Деревянная грамота (Трускиновская) - страница 190

— Сшибка! Сшибка! — отметили опытные зрители. — А ну, еще!

Это была первая, а всего полагалось перед началом боя три.

Во второй атаман ямщицкой стенки всю свою тяжесть вложил в толчок и потеснил Томилу. Напоследок же они сшиблись с равной силой — оба отскочили назад и еле удержались на ногах.

— Даешь боя! — грянула толпа, а девки, словно вырвавшись на волю, завизжали с переливами, Стенька даже башкой замотал — до чего пронзительно!

Радость охватила его от этого визга. Он предчувствовал знатную потеху, и счастья прибавляло то обстоятельство, что потехой он мог насладиться не в одиночестве, а вместе с людьми понимающими, включая женок и девок. И снова на ум пришел Вонифатий Калашников — дурень, добровольно покидающий город, где крещеному человеку дана такая прекрасная Масленица! В Соликамске-то вспоминать станет, да слезами обольется…

Накры смолкли — накрачей, повинуясь чьей-то команде, выжидал.

Стенки расступились, словно втянули в себя атаманов, и сомкнулись снова. Бойцы стояли сосредоточенные, левым плечом вперед, и ждали сигнала. Его не было довольно долго — и раздался наконец желанный рокот, прозвучали три громких удара.

Стенки стали сходиться — неторопливо, не нарушая строя и соизмеряя свое движение с движением противника, чтобы к боевой черте прийти разом.

Сошлись!

Одновременно взлетели кулаки и опустились тоже одновременно. После чего каждый молотил своего противника, стараясь меж тем не портить строя и не наступать в одиночку.

— Бей, Ногай! Бей в середку! — закричал из второго ряда Томила.

С таким трудом собранное и подготовленное им чело плотно сжатым кулаком врезалось в чело вражьей стенки, но и там не сосунки стояли. Трещалино воинство, получив дружный отпор, уступило вершок…

— Бегут! Бегут! — завопила какая-то чересчур глазастая женка.

— Бегу-у-ут!!! — заорал и Стенька.

Ему было все равно, чья стенка одерживает верх. Он радовался перемене на поле боя, и только. Но вдруг схлопотал крепкий тычок локтем в бок, удивился и повернул голову — кто это настолько сдурел, чтобы в толпе так больно бить?

Рядом с ним стоял Трещала. Стенька, пробиваясь поближе ко льду, оказался уже в тех рядах, которые занимали приближенные к бойцам лица.

— Наших бьют! — отвечали глазастой женке возмущенные голоса.

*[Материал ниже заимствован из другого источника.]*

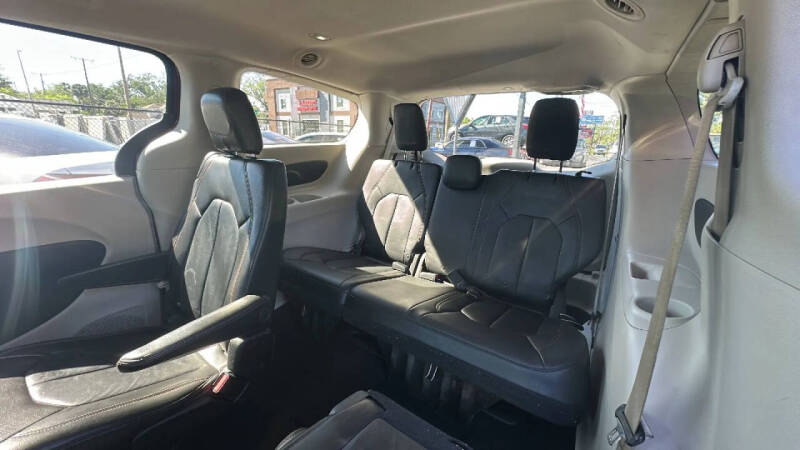 2018 Chrysler Pacifica Touring Plus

— Держи ряд! — заорал Томила. — Плотнее, сволочи!

И побежал задами, чтобы взобраться чуть повыше и увидеть бой сбоку.

Стенка собралась с силами и каким-то отчаянным усилием словно срослась. Это уже не были отдельные люди — это была огромная мощная тварь, чьи конечности вздымались и опускались словно бы без приказа, но одновременно, дружно и хлестко. Удары были страшны, но тварь не ощущала боли. Она словно окаменела, до такой стойкости была спаяна, и неподвижные лица бойцов казались сосредоточены, словно у монахов, предавшихся безгласной молитве.